[Captioned web image data]
------------------------------------------------------------------------
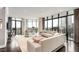 Bright and airy living room with floor to ceiling windows showing city views and neutral decor at 750 Park Ne Ave # 19E, Atlanta, GA 30326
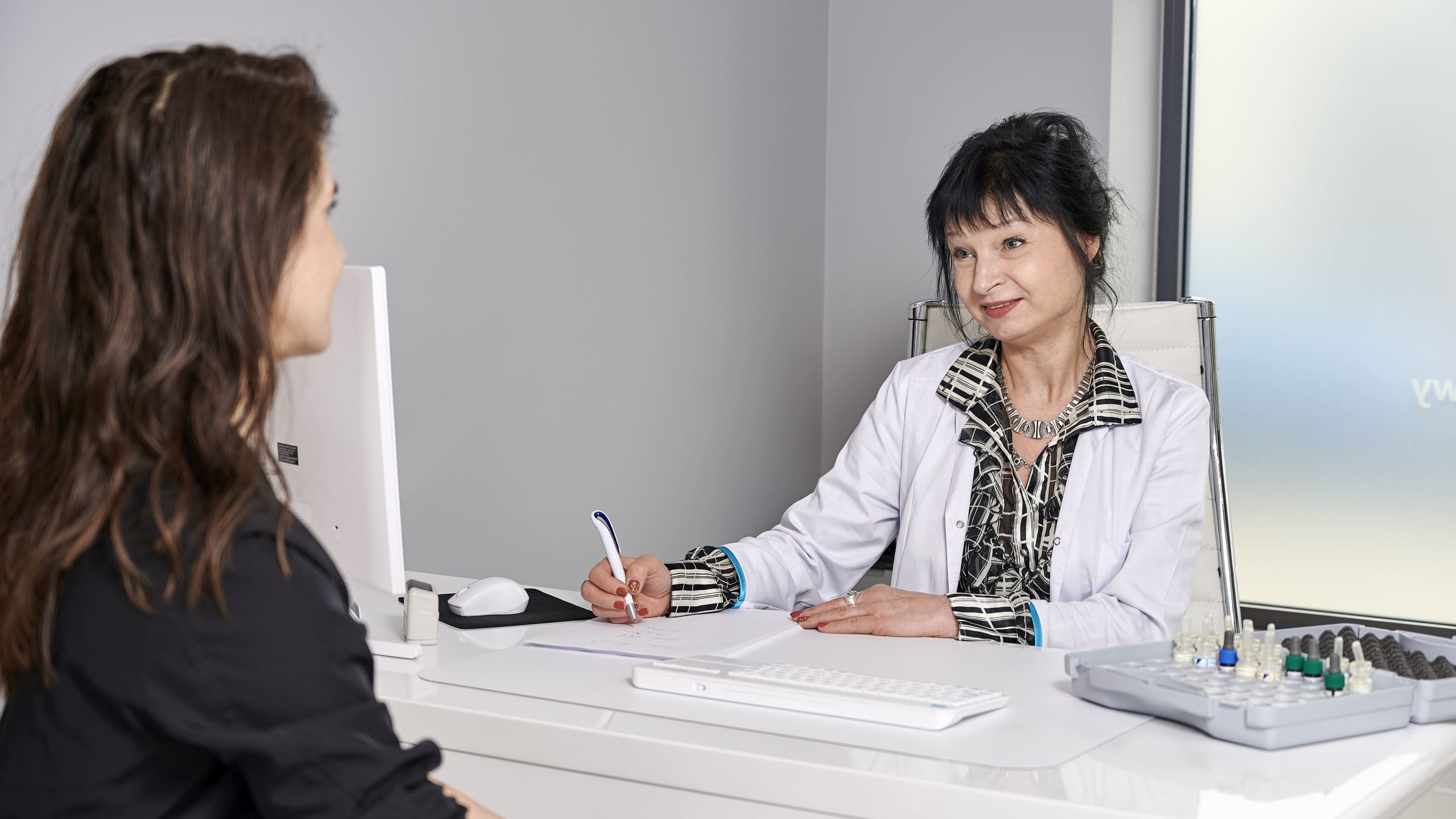 dr n. med. Beata Adamczyk podczas konsultacji alergologicznej z pacjentką, na biurku stoją fiolki z alergenami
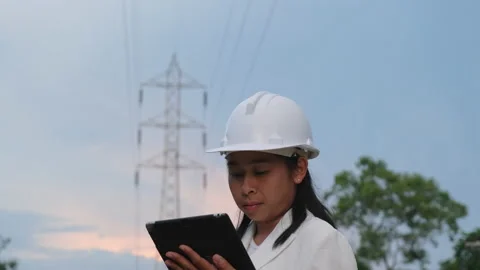 Female electrical engineer working on laptop inspecting power grid. Stock Footage 204971119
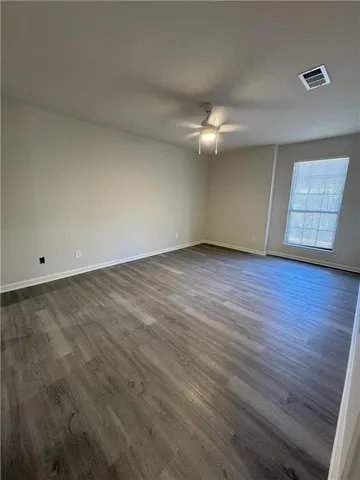 an empty room with wooden floor chandelier fan and windows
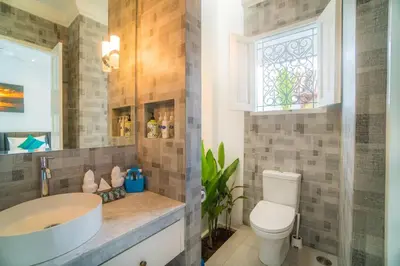 a bathroom with a sink and a toilet and a window at Villa Ley Charming 2 Bedroom Villa Seminyak Private Pool in Seminyak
------------------------------------------------------------------------
EXERCISE DIRECTIONS.
Output the records above exactly, omitting the pictures.

TASK ANSWER.
 Bright and airy living room with floor to ceiling windows showing city views and neutral decor at 750 Park Ne Ave # 19E, Atlanta, GA 30326
 dr n. med. Beata Adamczyk podczas konsultacji alergologicznej z pacjentką, na biurku stoją fiolki z alergenami
 Female electrical engineer working on laptop inspecting power grid. Stock Footage 204971119
 an empty room with wooden floor chandelier fan and windows
 a bathroom with a sink and a toilet and a window at Villa Ley Charming 2 Bedroom Villa Seminyak Private Pool in Seminyak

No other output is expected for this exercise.